* **Available data**

* * *

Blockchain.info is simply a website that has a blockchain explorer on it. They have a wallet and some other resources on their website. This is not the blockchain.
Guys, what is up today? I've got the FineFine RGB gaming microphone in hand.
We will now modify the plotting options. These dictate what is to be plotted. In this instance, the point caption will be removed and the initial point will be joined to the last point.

* * *

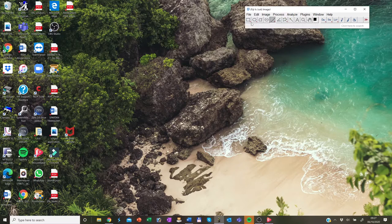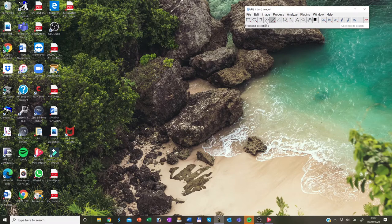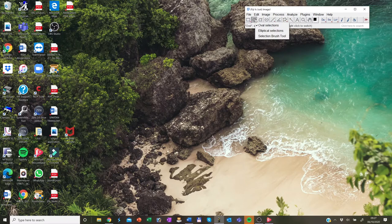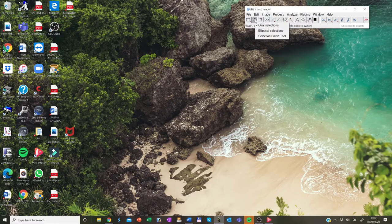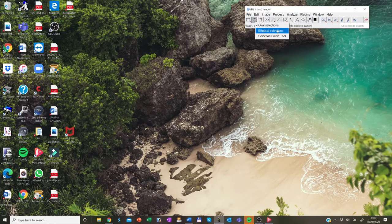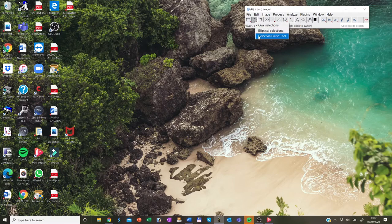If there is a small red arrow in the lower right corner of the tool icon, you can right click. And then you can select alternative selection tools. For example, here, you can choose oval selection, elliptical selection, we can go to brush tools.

* * *

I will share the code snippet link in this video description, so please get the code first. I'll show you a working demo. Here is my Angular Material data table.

* * *

* **What you need to do**
With the first line being the one containing "Guys, what is" and the last line the one containing "We will now", transcribe exactly the lines above that fall in that range.

* **Solution**
Guys, what is up today? I've got the FineFine RGB gaming microphone in hand.
We will now modify the plotting options. These dictate what is to be plotted. In this instance, the point caption will be removed and the initial point will be joined to the last point.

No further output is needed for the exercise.